If today’s typical installation has that mundane character, Leitch’s constructions may point to a future in which art will once again set itself apart, even as it encourages interaction. For one thing, her projects really do originate as installations were supposed to do, in response to their chosen sites. Then there is the high level of craft she invests in them, so that they feel unified in a way few things do today. And finally, they rarely fail to connect the sensual experiences they reassemble from everyday materials with more advanced cerebral and philosophical discoveries. She may ground these in a parochial vocabulary that will be most familiar to an LDS audience, but they lend themselves to broader  “Ah-Ha!” experiences that reshape awareness. Knowing that these paths to contemplation will be disassembled at the end of their designated runs, and might never be seen again, gives them a poignancy that traditionally art objects display, but few other human-made products possess.
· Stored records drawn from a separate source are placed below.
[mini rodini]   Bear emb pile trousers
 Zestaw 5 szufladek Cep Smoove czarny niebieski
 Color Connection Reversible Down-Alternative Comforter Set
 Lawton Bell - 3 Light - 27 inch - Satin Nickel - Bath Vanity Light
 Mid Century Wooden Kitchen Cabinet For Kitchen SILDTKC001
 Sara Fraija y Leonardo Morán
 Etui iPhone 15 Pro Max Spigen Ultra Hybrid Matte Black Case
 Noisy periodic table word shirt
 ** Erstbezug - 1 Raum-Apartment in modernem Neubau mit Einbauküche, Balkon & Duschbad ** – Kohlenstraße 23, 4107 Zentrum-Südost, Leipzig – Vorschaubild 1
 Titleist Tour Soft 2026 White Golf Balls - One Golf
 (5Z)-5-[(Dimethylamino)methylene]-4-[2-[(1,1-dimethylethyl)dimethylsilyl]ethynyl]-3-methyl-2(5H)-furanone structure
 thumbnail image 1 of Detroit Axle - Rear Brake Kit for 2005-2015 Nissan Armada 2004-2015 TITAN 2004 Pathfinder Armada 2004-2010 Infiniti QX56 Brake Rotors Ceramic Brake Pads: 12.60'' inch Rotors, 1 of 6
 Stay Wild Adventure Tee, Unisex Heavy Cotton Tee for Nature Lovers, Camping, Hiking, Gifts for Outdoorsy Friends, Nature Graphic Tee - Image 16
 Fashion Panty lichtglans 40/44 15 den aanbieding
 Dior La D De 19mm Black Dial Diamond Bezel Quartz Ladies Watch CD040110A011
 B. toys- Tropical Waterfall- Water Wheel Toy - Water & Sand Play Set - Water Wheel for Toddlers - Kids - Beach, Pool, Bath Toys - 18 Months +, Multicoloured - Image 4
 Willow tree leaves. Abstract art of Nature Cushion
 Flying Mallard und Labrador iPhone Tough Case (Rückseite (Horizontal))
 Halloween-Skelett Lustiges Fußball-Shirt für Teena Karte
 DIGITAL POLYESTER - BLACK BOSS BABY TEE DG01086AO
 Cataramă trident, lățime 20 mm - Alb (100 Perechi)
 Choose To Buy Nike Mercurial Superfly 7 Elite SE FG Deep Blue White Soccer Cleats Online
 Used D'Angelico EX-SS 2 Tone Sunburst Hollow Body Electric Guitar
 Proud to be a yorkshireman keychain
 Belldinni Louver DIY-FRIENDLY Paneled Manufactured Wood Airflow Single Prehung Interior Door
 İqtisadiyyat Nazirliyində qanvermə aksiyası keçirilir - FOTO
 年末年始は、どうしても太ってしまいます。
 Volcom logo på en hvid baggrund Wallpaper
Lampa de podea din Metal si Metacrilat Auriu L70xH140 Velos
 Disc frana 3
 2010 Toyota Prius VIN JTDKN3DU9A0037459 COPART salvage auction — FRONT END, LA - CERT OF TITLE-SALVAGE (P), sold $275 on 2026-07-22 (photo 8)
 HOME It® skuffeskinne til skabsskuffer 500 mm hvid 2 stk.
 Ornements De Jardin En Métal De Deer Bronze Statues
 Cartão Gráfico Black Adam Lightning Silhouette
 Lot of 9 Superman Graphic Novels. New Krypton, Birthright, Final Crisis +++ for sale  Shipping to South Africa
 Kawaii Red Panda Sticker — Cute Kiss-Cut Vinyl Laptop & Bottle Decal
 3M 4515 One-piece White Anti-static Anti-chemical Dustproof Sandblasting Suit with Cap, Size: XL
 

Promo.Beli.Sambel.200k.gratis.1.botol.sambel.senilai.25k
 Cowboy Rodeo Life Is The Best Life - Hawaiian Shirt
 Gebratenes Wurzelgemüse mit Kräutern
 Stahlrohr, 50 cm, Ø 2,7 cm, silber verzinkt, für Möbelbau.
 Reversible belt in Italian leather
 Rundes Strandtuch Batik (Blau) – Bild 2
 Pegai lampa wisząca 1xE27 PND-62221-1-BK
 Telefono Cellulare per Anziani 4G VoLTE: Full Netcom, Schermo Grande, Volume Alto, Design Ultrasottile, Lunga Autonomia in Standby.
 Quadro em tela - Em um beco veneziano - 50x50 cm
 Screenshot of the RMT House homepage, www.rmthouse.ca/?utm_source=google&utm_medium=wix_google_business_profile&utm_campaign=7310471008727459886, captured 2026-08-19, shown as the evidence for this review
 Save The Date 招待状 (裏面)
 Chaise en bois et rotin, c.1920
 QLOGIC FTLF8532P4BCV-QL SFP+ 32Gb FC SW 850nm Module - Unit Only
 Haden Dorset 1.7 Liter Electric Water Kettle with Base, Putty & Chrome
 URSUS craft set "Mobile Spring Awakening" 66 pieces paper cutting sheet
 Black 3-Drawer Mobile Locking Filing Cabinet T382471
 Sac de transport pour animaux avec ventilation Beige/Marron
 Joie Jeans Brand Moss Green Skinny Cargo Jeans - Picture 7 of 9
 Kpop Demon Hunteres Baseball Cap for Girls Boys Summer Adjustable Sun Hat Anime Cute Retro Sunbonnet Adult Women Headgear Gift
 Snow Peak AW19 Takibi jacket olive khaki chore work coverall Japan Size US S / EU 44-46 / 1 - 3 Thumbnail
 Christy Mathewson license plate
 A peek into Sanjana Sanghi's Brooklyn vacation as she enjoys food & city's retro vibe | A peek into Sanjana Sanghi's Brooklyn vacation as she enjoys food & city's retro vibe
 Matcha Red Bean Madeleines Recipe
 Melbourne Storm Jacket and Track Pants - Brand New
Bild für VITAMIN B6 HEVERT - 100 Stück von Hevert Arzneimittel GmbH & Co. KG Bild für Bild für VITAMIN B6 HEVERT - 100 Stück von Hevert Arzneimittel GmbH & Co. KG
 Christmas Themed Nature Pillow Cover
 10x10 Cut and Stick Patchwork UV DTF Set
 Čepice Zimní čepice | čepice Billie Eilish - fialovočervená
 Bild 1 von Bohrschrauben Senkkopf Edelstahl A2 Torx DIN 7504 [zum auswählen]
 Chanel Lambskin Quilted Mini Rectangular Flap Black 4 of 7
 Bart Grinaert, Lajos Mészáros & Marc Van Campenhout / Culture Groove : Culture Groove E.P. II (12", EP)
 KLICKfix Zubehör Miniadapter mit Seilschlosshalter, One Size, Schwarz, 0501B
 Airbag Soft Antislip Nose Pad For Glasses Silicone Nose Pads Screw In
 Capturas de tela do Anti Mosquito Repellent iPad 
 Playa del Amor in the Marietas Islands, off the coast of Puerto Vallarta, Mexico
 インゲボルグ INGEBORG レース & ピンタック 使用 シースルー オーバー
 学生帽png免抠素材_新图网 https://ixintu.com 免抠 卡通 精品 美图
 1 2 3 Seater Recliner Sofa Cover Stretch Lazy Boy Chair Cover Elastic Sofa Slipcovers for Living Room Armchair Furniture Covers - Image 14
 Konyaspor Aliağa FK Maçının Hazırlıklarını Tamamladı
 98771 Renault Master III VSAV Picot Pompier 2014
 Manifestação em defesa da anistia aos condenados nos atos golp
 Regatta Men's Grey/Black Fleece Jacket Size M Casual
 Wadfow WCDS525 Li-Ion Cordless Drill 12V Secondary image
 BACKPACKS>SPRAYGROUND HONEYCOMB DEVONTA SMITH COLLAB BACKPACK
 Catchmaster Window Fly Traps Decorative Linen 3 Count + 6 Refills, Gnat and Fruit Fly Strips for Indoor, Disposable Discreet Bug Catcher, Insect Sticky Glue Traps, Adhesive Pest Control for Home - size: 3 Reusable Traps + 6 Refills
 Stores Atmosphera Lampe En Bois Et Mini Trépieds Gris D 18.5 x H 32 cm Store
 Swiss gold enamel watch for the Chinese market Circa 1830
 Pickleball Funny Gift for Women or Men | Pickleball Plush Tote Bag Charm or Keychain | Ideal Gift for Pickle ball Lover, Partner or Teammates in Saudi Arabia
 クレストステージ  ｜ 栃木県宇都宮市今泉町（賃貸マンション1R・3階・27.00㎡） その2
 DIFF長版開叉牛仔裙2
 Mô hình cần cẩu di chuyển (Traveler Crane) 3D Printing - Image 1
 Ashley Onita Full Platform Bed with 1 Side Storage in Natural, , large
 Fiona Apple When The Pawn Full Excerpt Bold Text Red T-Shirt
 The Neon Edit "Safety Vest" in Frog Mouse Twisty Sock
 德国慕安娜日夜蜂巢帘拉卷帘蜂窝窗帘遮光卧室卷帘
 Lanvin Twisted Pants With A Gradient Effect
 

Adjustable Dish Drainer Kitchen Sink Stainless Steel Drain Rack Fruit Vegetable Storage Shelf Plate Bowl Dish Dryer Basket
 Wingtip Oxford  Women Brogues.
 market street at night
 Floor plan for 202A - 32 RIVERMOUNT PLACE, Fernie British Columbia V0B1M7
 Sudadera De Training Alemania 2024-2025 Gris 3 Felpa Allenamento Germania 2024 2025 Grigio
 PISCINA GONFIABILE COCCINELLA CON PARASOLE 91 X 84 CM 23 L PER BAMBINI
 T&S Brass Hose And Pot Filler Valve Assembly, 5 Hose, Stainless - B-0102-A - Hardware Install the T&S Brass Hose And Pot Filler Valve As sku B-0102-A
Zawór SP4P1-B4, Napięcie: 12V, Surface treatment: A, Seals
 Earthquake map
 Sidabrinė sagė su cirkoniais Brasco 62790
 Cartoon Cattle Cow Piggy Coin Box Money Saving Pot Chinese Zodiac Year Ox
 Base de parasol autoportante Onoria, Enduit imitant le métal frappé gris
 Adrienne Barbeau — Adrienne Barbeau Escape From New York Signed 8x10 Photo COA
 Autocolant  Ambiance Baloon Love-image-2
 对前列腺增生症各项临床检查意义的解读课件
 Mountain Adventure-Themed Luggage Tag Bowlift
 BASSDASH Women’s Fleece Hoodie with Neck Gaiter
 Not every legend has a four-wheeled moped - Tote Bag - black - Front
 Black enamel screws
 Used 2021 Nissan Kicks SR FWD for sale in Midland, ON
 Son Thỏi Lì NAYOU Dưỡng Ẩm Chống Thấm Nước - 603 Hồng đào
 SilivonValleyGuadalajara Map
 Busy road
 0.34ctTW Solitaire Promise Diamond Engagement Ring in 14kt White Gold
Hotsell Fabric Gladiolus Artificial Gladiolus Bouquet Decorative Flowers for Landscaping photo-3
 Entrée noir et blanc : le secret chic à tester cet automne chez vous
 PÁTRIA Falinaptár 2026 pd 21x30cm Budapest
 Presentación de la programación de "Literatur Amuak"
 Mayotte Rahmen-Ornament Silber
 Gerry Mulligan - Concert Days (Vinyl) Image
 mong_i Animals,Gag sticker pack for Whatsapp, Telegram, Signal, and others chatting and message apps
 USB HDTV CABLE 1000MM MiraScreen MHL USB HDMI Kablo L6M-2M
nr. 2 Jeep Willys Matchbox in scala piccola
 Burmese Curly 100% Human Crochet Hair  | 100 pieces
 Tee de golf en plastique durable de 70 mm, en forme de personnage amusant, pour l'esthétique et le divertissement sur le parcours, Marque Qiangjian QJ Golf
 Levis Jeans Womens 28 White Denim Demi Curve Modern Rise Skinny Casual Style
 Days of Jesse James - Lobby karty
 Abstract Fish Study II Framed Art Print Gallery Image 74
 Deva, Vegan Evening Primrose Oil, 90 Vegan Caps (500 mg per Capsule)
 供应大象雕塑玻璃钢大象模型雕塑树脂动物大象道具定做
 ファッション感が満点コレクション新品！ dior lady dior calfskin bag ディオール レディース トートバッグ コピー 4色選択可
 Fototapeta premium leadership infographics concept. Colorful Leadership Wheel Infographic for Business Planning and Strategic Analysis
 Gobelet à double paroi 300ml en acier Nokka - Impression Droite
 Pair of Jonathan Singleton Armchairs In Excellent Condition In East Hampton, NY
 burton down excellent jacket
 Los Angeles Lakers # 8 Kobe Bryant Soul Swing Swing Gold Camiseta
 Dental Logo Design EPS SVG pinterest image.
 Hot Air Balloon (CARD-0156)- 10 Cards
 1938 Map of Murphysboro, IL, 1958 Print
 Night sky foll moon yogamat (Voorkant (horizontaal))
If there’s a signature characteristic of a Leitch installation, it’s her confessed obsession with large numbers of parallel lines in three-dimensional space: space that they fill, subdivide, and energize in various ways. In an early work, “Untitled Congregation” (2013), sound and motion were included in the form of water that dripped down 125 vertical monofilament strands, overfilling dozens of LDS sacrament cups threaded at regular intervals along each descent, eventually falling like noisy rain onto platters below (see our review here). The structure, which mirrored the space, was subdivided in a geometric grid, down and through which static pattern the water moved. Possible analogues include the way transient matter—living things or ideas, for instance—are both hindered and helped by the structures through which they pass. “Untitled Apogee” (2013-14) was lent form by a surrounding map of Utah, with red threads that completed the implied connection between church spires and heaven (see our review here). That the spires were located according to their actual layout in the very familiar panoramic vista of Utah Valley turned the work into a reminder of the ubiquitous presence of these landmarks, so common as to be taken for granted, though seen everywhere, at every distance and perspective throughout the constructed world. In the City Library later that year, the simple horizontal structure of “The Mote and the Beam” (2014), recalling the acres of bookshelves that fill the building, produced such a dazzling pattern in three-dimensional space that viewers spent time and effort just sorting the physical lines from their compound shadows in order to see it accurately (see our review here). Here Leitch employed academic perspective to draw (her pun, methinks) the viewer into contemplating a visible, if inaccessible interior: an analogy for the life of the mind encouraged by reading or prayer. Looking into an illusory interior that cannot be entered seems oddly familiar in a gallery; it’s the basic experience of viewing a large, representational painting, like a landscape or a historic scene.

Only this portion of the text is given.